Praemium (PPS) – Not enough growth… Bapcor (BAP) – Challenging economic conditions but no change to strategy… Domain (DHG) – Space for number two?.. Breville (BRG) – More products into more markets… Treasury Wines (TWE) – Asia strong…
Praemium (PPS) – Not enough growth
A new colour scheme wasn’t enough to distract us from the distinct change in the company’s growth profile. Revenue growth of 7% for the HY highlighted the deceleration in the company’s growth rate.
While the core thesis for the independent platform providers remains intact, the market sentiment regarding Praemium has shifted. The large independents such as Netwealth have now grown to a size where they can outspend the smaller players in product development, sales and marketing, which is sure to make it difficult for the smaller independents.
Not to mention the fact that the incumbents have slowly begun to realise that their dominant positions are now in peril and have started to respond in the form of pricing and new feature development of their own. All this is great for the customer; however, it is unclear what the industry will look like when it stabilises and whether there will be a place for the smaller independent operators.
Bapcor (BAP) – Challenging economic conditions but no change to strategy
Same-store sales growth of 2.1% in the Trade segment (which accounts for 51% of total revenue) was below expectations. Retail & Service profit was flat due to market conditions and continued company store expansion that is loss-making in the initial phase and resulted in lower margins for the segment.
Autobarn achieved same-store sales growth of 4% for company-owned stores and 0.2% for franchise stores, meaning total sss growth was in the region of 2.9%, which compares favourably with the like for like sales growth of 1.8% reported by Super Retail in their Supercheap Auto segment.
New vehicle sales in 2018 were 1.15m, down 3% from 2017 and ending four years of YoY growth. 60% of new vehicle sales were in the SUV & Utility categories; 33% in Passenger vehicles. Electric vehicle penetration continues to be minimal, <0.5% of new vehicle sales in 2018 were electric vehicles. There are an estimated 19.5m registered vehicles in Australia at the end of 2018, an increase of 2% from 2017 with an average age of 11 years.

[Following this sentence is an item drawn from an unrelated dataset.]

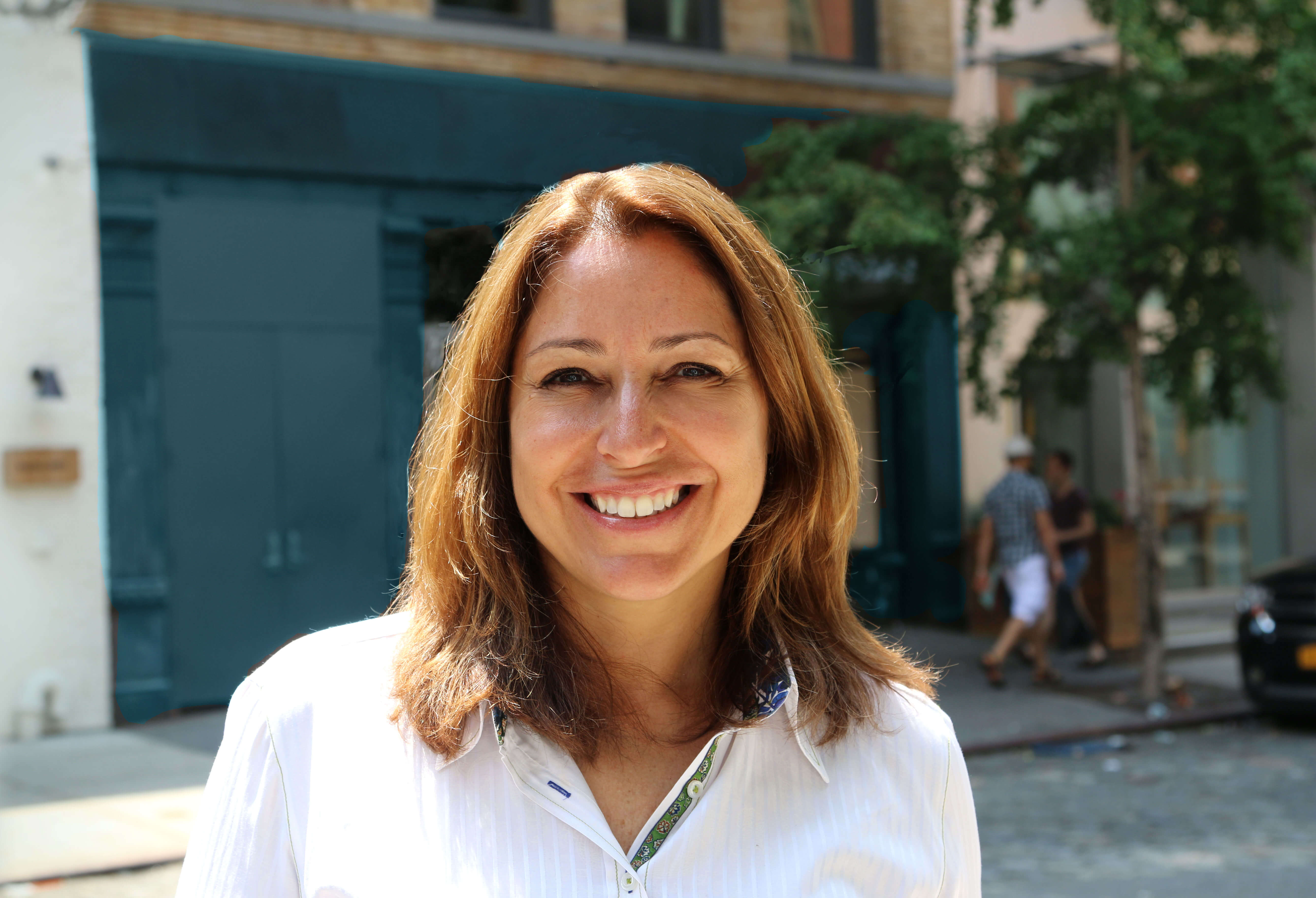 Marcia Rothschild Joins Voxy Voxy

Domain (DHG) – Space for number two?
Being number two in a winner takes all type of market is no fun. Domain is in this position. REA only has 3x the revenue in Australia (core digital), but has margins of 65% compared to 41% and 8x the market capitalisation. They were also able to grow revenue by 16%, twice the rate of Domains 8% revenue growth.
Domain told the same story of soft listing volumes, which is consistent with what REA has said previously.
The real story, is why consumers would ever use a listing service with an inferior list? As REA becomes stronger over time, will this necessarily come at the expense of Domain? Consumers will converge on the service with the complete information – i.e. all the available stock, and sellers should prefer to pay only one listing provider, the one with all the eyeballs.
Presumably, some suppliers currently pay both, but nobody is paying just Domain. REA is well ahead in this race, and while there might end up being two strong competitors, it’s hard to see Domain being anything other than a weak number two in a market that doesn’t need a number two, other than to provide some constraint on the number one. That might be their only selling point.
Breville (BRG) – More products into more markets
The stock has gone sideways for more than a year, but the story on this one is simple. More products sold directly into more markets. And not just any ‘more’ products, products that are aspirational, more expensive and therefore higher margin.
The company launched into Germany and Austria in HY19, Benelux and Switzerland will be next, followed by Spain in HY20. German/ Austrian market entry seems to be so far working well with sales in the first six months after entry 42% higher than they were in the UK market.
For context, Benelux/ Switzerland is more substantial than ANZ in terms of both population and GDP.
The company showed robust growth in all markets including (on a constant currency basis) 7.1% in North America, 7.6% in ANZ and 32% in Europe. EBIT margin across the business was broadly steady at 14.2%, while ROE grew from 20.9% to 22.5%.
Treasury Wines (TWE) – Asia strong
The Asian market cannot get enough of Australian wines. That remains to be the TWE story.
Revenue growth was robust in the region at 31%, and the area now accounts for 26% of sales revenue and 45% of EBIT. The company makes $163 per case in Asia compared to $81.4 in the Americas, $38.8 in Europe and $77 in ANZ, while EBIT margins are 39% in Asia, 18.5% in the Americas, 15% in Europe and 23.2% in ANZ.
So yes, Asia is vital to the company. Moreover, with $2b in inventory sitting on the balance sheet, of which $1.2b is luxury inventory, strong Asian markets are imperative for the continued strength of TWE.